The benefits of raising young among relatives are easy to see. But the benefit of preferring MHC-dissimilar mates is still far from clear. One possibility is that it reduces the risk of inbreeding and thus of producing children with genetic diseases. Wedekind thinks that MHC-based mating does indeed serve that function among mice, who live in small, genetically homogeneous communities. He doubts, though, that preventing inbreeding is the main purpose of MHC-based preferences in humans. We have cultural systems--such as incest taboos--to do that, he explains.
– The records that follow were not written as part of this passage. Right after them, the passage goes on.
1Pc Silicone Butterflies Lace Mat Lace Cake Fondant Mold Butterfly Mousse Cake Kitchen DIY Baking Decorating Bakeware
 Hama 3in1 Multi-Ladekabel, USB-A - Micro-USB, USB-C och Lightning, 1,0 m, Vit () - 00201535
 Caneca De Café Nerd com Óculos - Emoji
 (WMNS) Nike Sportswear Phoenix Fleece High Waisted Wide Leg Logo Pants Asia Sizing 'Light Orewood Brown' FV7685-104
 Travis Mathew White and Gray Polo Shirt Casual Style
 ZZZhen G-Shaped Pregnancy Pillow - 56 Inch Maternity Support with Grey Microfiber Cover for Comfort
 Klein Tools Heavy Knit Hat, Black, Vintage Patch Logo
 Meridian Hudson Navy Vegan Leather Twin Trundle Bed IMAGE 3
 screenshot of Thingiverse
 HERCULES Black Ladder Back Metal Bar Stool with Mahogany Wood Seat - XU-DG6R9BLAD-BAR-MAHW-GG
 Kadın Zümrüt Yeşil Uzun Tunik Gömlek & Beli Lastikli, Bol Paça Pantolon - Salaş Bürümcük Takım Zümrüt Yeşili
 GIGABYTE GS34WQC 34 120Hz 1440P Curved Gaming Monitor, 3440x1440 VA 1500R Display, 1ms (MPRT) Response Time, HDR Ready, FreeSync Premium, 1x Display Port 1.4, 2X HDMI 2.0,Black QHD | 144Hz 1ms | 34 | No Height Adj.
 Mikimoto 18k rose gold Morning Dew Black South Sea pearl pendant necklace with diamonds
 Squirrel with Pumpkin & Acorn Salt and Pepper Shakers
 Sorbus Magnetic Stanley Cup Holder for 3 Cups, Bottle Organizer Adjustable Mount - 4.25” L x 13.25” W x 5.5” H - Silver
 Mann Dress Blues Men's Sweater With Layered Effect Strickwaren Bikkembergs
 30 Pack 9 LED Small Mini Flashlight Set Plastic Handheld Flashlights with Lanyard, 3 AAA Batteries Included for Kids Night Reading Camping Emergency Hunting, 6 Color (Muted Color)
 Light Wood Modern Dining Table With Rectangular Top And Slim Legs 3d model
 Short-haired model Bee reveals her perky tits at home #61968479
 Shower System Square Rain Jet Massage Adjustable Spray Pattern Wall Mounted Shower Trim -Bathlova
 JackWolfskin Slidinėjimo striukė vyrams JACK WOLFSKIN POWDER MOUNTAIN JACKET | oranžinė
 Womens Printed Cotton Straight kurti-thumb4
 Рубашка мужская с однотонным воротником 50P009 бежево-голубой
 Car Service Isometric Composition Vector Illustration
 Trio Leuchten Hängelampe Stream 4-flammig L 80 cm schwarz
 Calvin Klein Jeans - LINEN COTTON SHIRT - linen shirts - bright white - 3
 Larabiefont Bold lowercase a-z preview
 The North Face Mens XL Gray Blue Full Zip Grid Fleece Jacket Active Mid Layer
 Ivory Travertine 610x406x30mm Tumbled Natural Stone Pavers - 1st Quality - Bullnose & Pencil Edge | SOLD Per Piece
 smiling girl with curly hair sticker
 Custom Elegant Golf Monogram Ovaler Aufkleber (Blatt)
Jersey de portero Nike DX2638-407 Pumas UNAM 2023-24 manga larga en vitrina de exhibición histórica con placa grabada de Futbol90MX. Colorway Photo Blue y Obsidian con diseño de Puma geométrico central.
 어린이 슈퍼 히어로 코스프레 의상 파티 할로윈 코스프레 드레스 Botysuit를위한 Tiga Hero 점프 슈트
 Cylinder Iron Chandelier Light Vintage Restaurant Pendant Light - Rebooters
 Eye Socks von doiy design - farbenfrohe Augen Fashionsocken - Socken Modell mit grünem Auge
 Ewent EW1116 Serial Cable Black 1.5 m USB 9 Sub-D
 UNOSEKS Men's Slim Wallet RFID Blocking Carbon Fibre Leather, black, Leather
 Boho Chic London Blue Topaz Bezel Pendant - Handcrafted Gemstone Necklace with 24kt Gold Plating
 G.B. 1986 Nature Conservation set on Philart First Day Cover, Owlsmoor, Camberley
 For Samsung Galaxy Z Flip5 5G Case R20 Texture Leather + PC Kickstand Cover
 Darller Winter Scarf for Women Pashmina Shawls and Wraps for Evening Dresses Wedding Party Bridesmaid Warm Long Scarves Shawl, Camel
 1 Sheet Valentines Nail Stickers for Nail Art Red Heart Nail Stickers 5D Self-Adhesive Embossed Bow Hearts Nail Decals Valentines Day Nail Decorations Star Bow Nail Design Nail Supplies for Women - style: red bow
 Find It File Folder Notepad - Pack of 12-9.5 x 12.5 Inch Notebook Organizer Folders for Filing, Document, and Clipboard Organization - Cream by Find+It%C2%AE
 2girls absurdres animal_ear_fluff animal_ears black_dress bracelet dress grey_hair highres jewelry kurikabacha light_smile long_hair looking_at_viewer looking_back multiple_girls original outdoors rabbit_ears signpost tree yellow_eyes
Instead, Wedekind believes that preferring MHC-dissimilar mates helps ensure offspring with more effective immune systems. Although MHC genes somehow influence a person’s body odor, their main function is to encode cell-surface proteins that offer a window display of the proteins being made inside a cell. That helps the immune system identify cells that have been invaded by a virus or some other pathogen. The more genetically dissimilar a child’s parents are, Wedekind thinks, the more diverse his complement of MHC genes will be, and the more capable his cell-surface proteins will be of presenting for immune attack any pathogen that happens to beset him. Wedekind is now working on experiments to test this hypothesis.
Meanwhile there is yet another reason for humans to avoid a mate with similar MHC: MHC-similar couples, according to several recent studies, are less fertile. For example, geneticist Carole Ober of the University of Chicago studied a South Dakota community of Hutterites, a religious group who do not believe in contraception and tend to marry within the community- -and are thus more likely to marry partners with similar MHC. She found that Hutterite couples with similar MHC tended to have longer periods between pregnancies and higher rates of miscarriage than other Hutterite couples. Fetuses who receive the same MHC genes from each parent, Ober suggests, may be more likely to abort--perhaps because of some unknown immunologic mechanism.
Choosing MHC-dissimilar mates may, therefore, serve three ends: increasing fertility, producing hardier offspring, and reducing the risk of genetic disease. Whatever its ultimate aim, Wedekind believes the mechanism is still strong in both sexes (although he hasn’t yet tested how men respond to the scent of a woman). Some women were very surprised, Wedekind says. Some told me that a certain odor was absolutely beautiful or extremely dreadful. I sniffed a T-shirt and I was astonished by how different odors can be. I had the impression from our data, though, that there’s no man who smells very good for everyone--it depends on who is sniffing him. It is a result I very much like. Wedekind’s wife says she likes his odor. They have two children.